Wrobel did not return two phone messages left for him. The acquaintance, who did not want to be named, said Wrobel acknowledged that he had talked to someone from NSM when he was in the military; however, Wrobel told the acquaintance that he was not involved in the group.
Wrobel wasn’t the only self-described serviceman who corresponded with NSM. A soldier who identified himself as Derek Runge wrote that he’d already been in touch with another NSM official, “Mann Wilson,” who’d told him that there was no NSM contact person for North Carolina. Runge said he was interested in joining the group and filling the North Carolina vacancy. “My only downfall is that I am in the military and will be deploying Mid-November but can take the reins prior to leaving and then hit it full force once I get back,” Runge wrote on Sept. 26, 2008. “I just need to know what all I will be required to do.” In the E-mail, Runge, believed to be 24, used the Nazi greeting “Seig [sic] Heil” and signed off “Heil Hitler.” (As it happens, Greensboro, N.C., is where the NSM held a regional meeting last weekend that drew dozens of counter-demonstrators.)
Runge entered the Army in June 2005, according to military records.
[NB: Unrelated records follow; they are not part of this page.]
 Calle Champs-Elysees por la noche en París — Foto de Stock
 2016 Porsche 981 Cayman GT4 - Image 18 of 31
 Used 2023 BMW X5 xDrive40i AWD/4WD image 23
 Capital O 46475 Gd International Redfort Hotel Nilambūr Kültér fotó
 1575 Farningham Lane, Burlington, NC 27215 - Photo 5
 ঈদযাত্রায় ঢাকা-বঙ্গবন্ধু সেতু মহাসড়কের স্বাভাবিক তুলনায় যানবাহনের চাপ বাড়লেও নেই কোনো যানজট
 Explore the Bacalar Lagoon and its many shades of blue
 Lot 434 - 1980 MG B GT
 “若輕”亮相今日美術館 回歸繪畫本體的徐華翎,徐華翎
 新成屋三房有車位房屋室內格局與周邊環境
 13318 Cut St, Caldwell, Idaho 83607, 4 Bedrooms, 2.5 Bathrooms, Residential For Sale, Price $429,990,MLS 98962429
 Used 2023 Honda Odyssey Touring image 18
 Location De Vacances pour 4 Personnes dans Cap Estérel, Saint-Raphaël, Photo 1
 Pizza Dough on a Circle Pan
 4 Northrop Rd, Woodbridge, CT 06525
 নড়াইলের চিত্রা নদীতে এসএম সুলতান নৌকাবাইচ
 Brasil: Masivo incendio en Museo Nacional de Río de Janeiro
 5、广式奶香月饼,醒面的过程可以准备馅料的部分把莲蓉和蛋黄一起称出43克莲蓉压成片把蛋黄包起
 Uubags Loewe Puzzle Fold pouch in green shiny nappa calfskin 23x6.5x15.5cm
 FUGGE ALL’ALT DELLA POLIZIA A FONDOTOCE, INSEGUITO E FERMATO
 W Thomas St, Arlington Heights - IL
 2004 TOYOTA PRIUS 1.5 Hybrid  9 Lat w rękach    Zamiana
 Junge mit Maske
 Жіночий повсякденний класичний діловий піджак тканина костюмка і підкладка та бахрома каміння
Now a first lieutenant, he is listed as still on active duty and is stationed at Fort Bragg. He has received seven awards, including the Army Achievement Medal for meritorious service, the Iraq Campaign Medal and the Combat Action Badge. In what appears to be Runge’s Facebook profile — it lists the same yahoo E-mail address used to write to NSM — he states that he’s with Company A, 2nd Battalion, 505th Parachute Infantry Regiment. According to the profile, since May 2008, he has been a fire support officer “responsible for directing artillery fire and close air support into enemy positions…but mainly working as the company’s intel officer.”
It’s unclear whether Runge actually joined NSM or had additional contact with the group. He did not respond to an E-mail sent to him directly and through Facebook. A cell phone number listed in his Facebook profile and in public records was no longer in service. NSM officials did not respond to a message left on their hotline.
In recent months, the SPLC has uncovered dozens of personal profiles listing “military” as the poster’s occupation on the social networking site NewSaxon.org, which is run by NSM. (The profiles generally use aliases, but they often contain identifying details.) In addition to the SPLC’s investigation, a 2008 FBI report asserted that the bureau had found more than 200 military personnel or veterans who were suspected of being active members in white supremacist organizations between October 2001 and May 2008. Although that figure represents a tiny portion of the U.S. veteran and active-duty populations, the report noted that “[t]he prestige which the extremist movement bestows upon members with military experience grants them the potential for influence beyond their numbers. Most extremist groups have some members with military experience, and those with military experience often hold positions of authority within the groups to which they belong.”
For its part, NSM asks on its membership application whether potential members served in the military and whether they possess military training. In an E-mail forwarding an SPLC Intelligence Report article from late last year to supporters, NSM Commander Jeff Schoep called the story “a rehash of the FBI probe into our Comrades in the Military.” But he didn’t dispute its basic conclusion, adding, “There is [sic] many more in the U.S. Military than they know.”